### RECORDS FOR PROCESSING ###
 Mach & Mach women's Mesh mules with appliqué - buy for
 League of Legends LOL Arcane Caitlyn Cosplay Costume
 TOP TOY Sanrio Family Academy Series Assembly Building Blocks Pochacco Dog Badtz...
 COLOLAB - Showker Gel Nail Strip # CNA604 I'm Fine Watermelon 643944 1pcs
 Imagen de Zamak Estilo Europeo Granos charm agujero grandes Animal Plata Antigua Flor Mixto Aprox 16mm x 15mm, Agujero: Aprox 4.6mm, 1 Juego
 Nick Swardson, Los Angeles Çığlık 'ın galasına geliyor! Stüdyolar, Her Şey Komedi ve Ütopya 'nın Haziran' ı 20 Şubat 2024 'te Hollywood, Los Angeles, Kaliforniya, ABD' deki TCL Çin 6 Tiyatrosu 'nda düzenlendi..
###
### RECORDS FOR PROCESSING ###
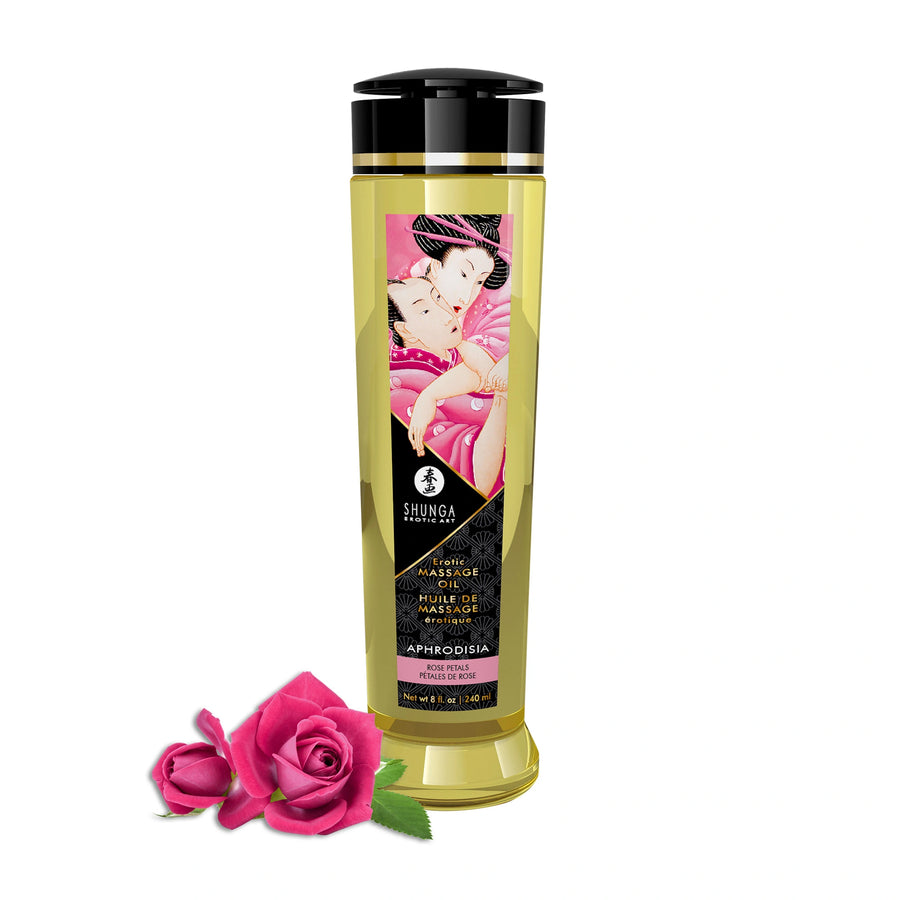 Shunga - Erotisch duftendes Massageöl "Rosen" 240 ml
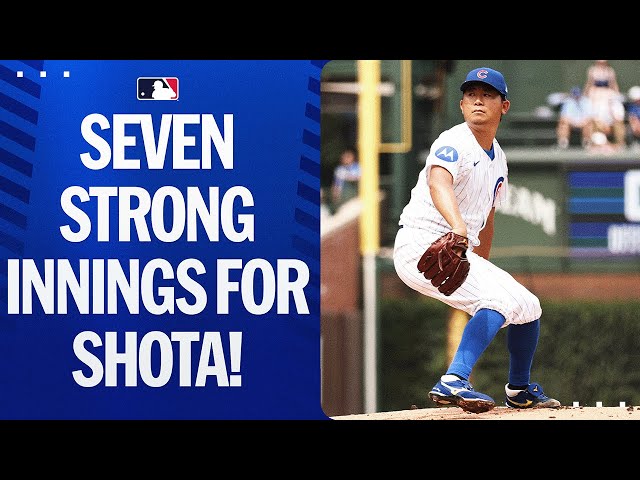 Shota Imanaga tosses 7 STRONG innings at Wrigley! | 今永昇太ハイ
###
### RECORDS FOR PROCESSING ###
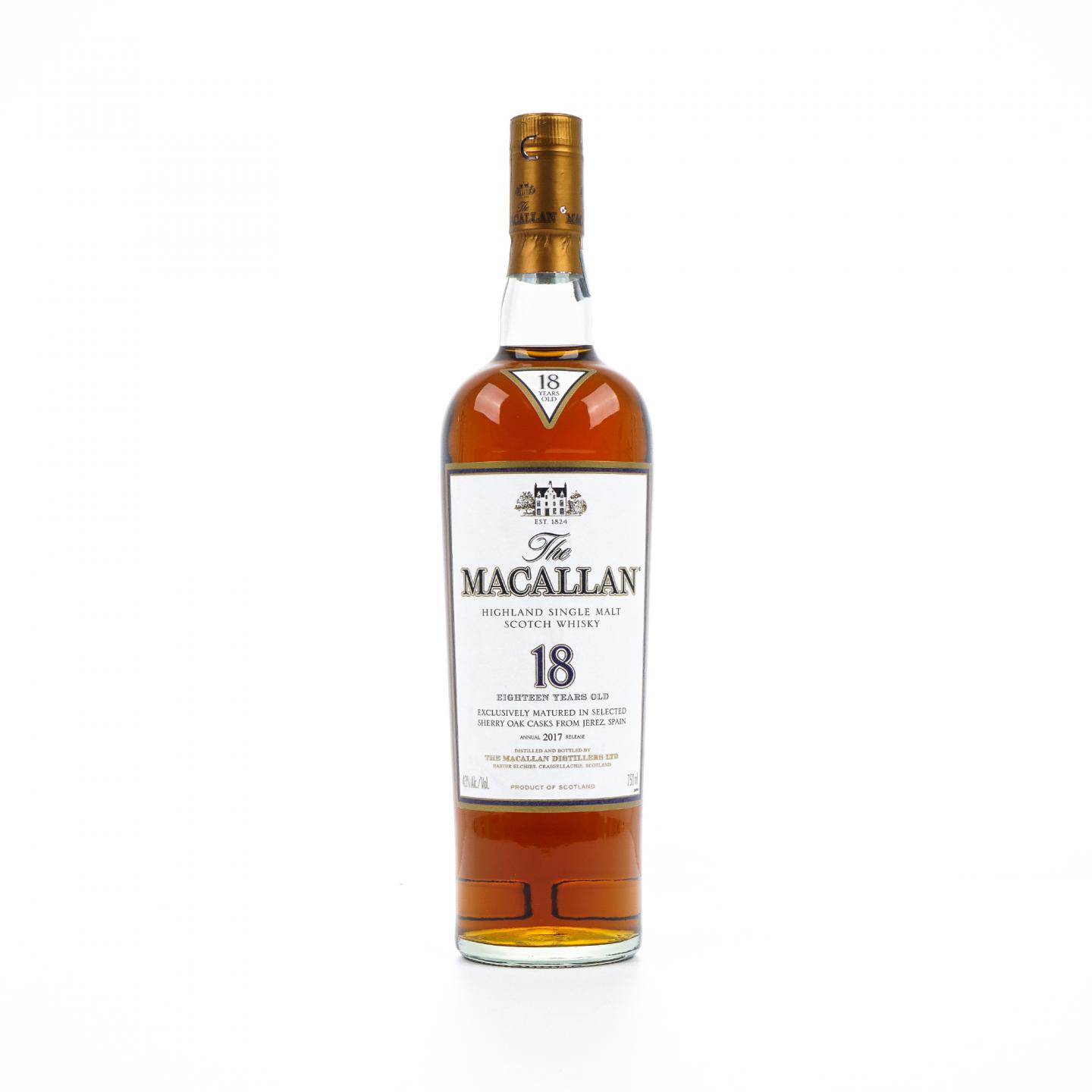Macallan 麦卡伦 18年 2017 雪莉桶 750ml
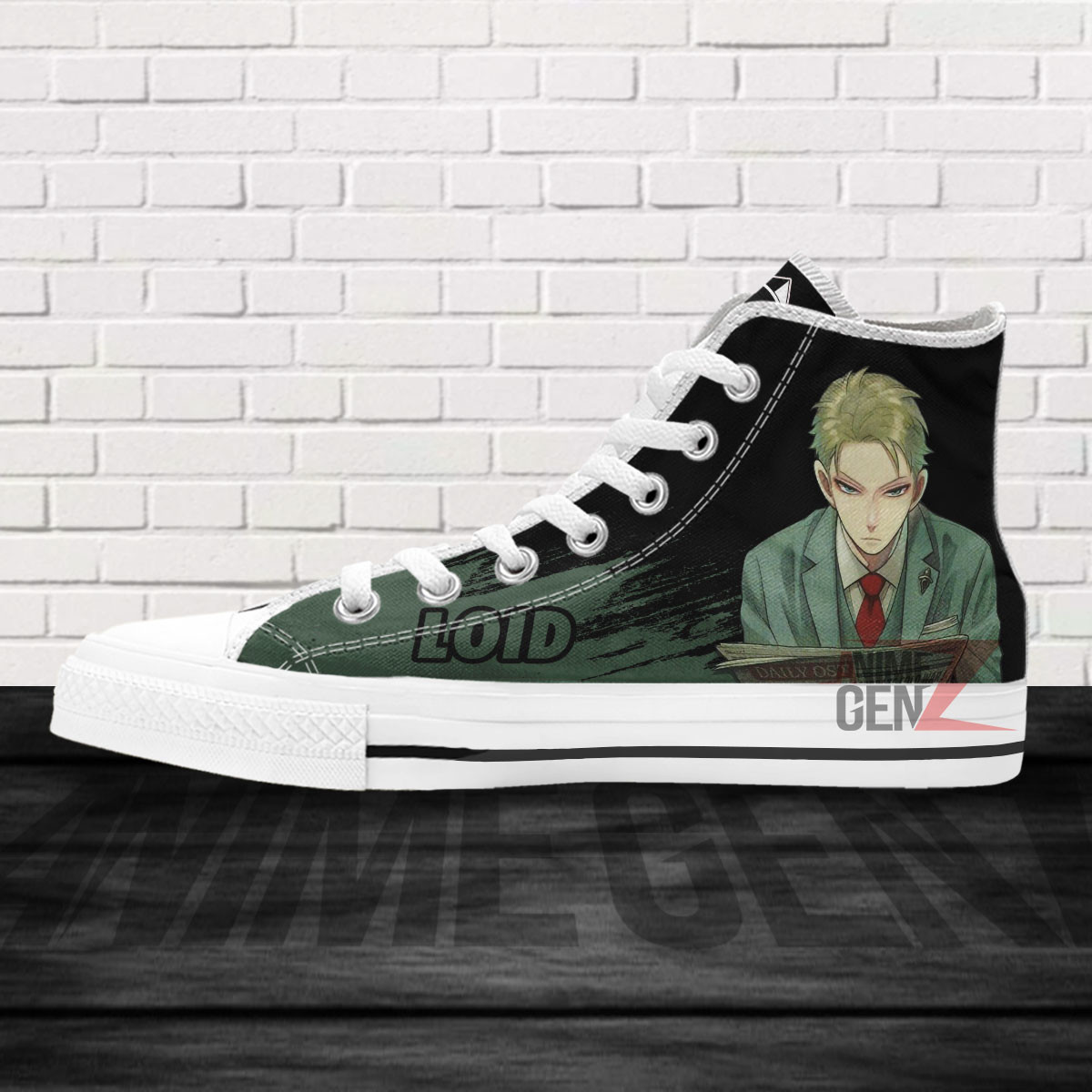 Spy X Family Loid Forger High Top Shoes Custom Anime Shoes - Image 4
###
### WHAT IS NEEDED
Print exactly the lines above that run from the one with "Macallan 麦卡伦 18年 2017 雪莉桶 750ml" to the one with "Spy X Family", both included. No pictures.

### EXERCISE OUTPUT
Macallan 麦卡伦 18年 2017 雪莉桶 750ml
 Spy X Family Loid Forger High Top Shoes Custom Anime Shoes - Image 4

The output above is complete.